By parameterizing the network output as an \(x\)-prediction,\(v\)-prediction, or \(\epsilon\)-prediction, we can obtain the other two quantities with the two relevant equations in flow matching.

\[z_t = t x + (1-t) \epsilon\]
\[v = x - \epsilon\]

where \(x \sim p_{data}\) and \(\epsilon \sim \mathcal{N}(0, I)\).

For example, if we parameterize the network to predict \(x\), i.e \(x_\theta = \text{net}_\theta (z_t,t)\), the above two equations form consistency conditions that any triplet \(x_\theta, \epsilon_\theta, v_\theta\) must satisfy at each timestep.

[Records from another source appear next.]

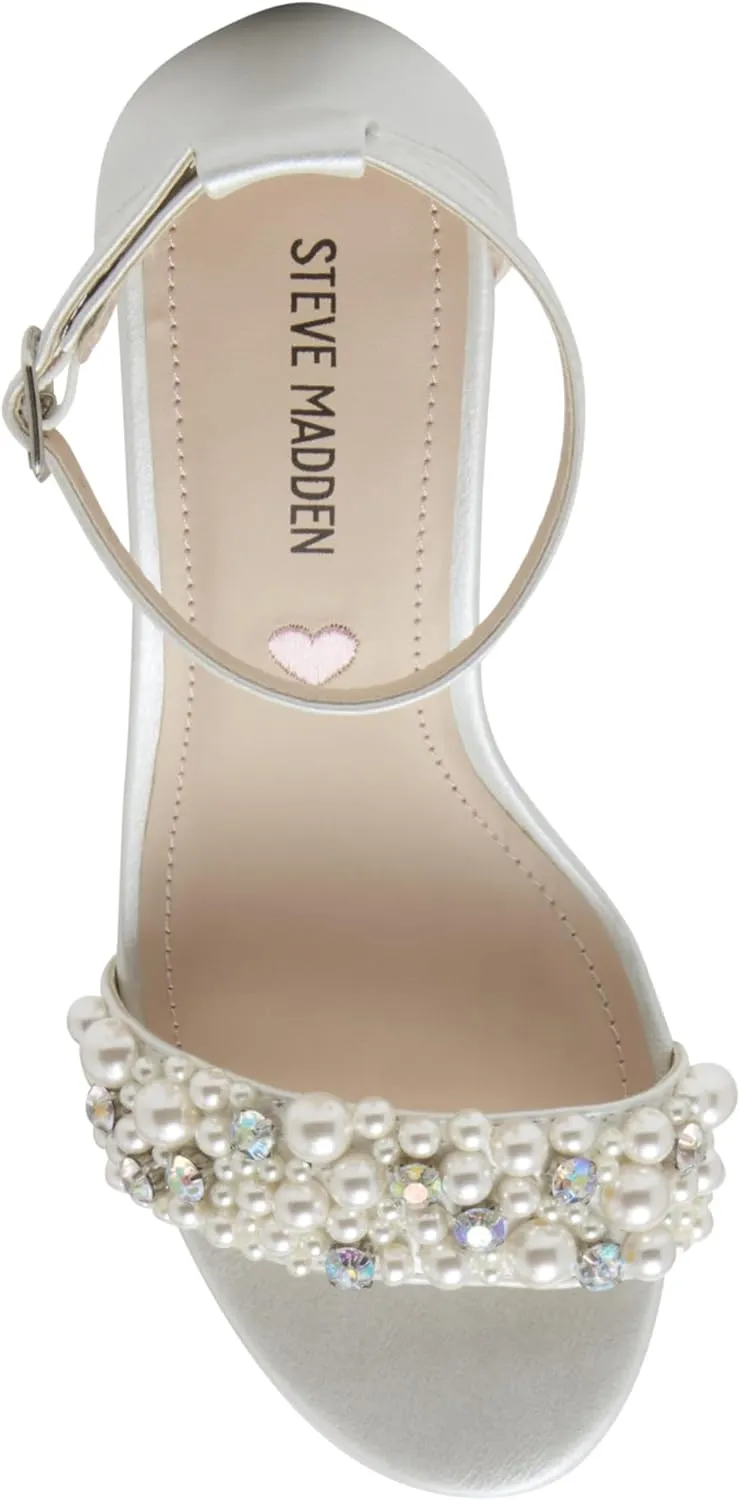 Carrson Heeled Sandal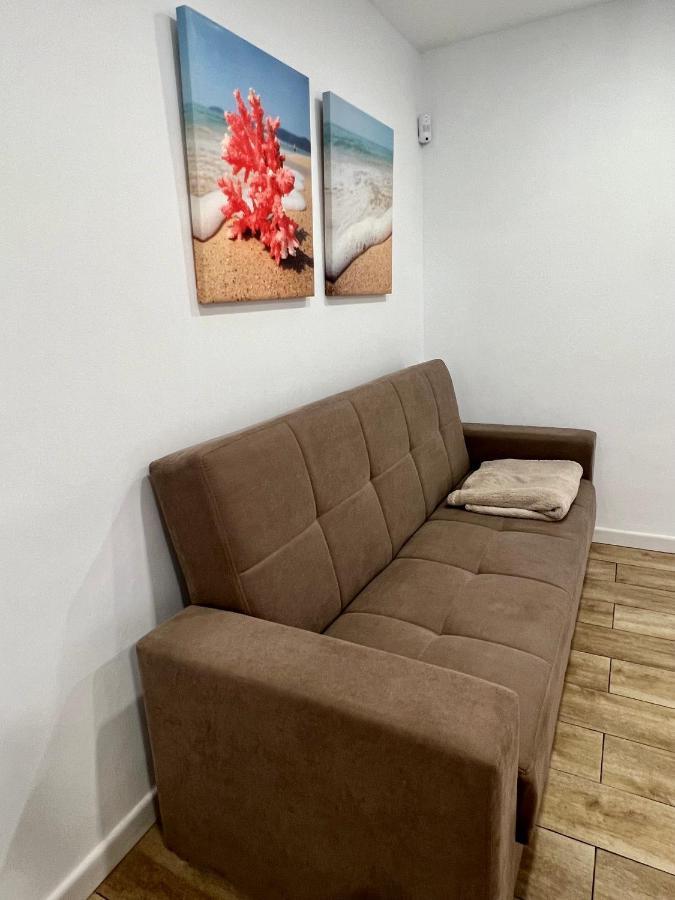 Apartamento Excepcional A Un Minuto De La Mejor Playa Διαμέρισμα Βαρκελώνη Εξωτερικό φωτογραφία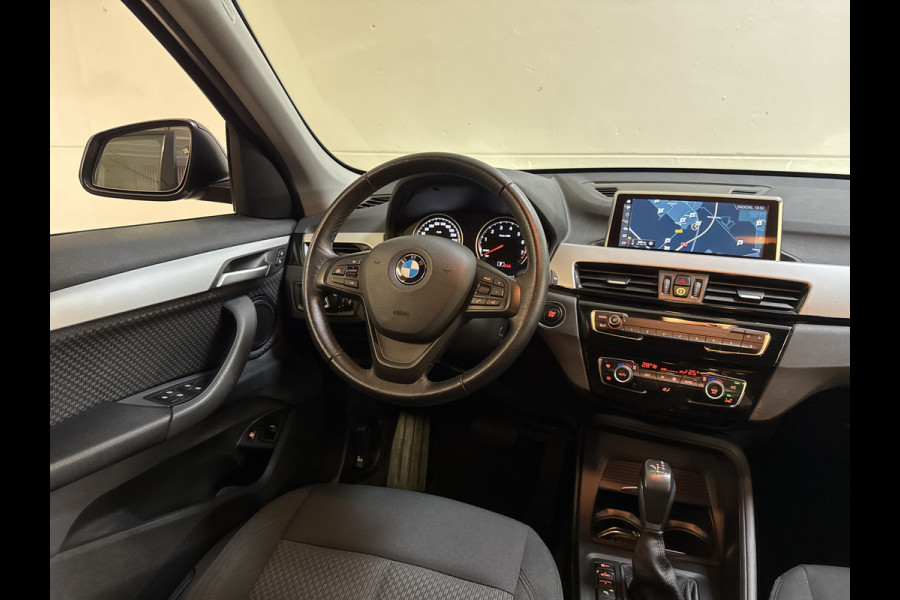 BMW X1 xDrive25e HYBRIDE AUT. HIGH EXECUTIVE TREKHAAK/PDC/NAVIGATIE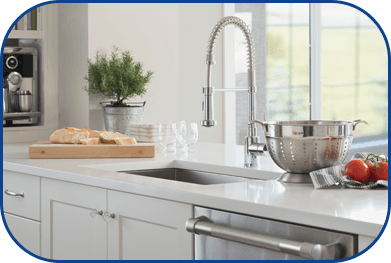 kitchen sink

\[\begin{split}\begin{cases} x_\theta = \text{net}_\theta(z_t, t) & (1) \\ z_t = t \, x_\theta + (1 - t) \, \epsilon_\theta & (2) \\ v_\theta = x_\theta - \epsilon_\theta & (3)\\ \end{cases}\end{split}\]

By consistency conditions, we mean the other two variables (\(\epsilon_\theta\) and \(v_\theta\)) are completely determined by the constraints above.

  1. by construction, \(x_\theta\) directly from the network.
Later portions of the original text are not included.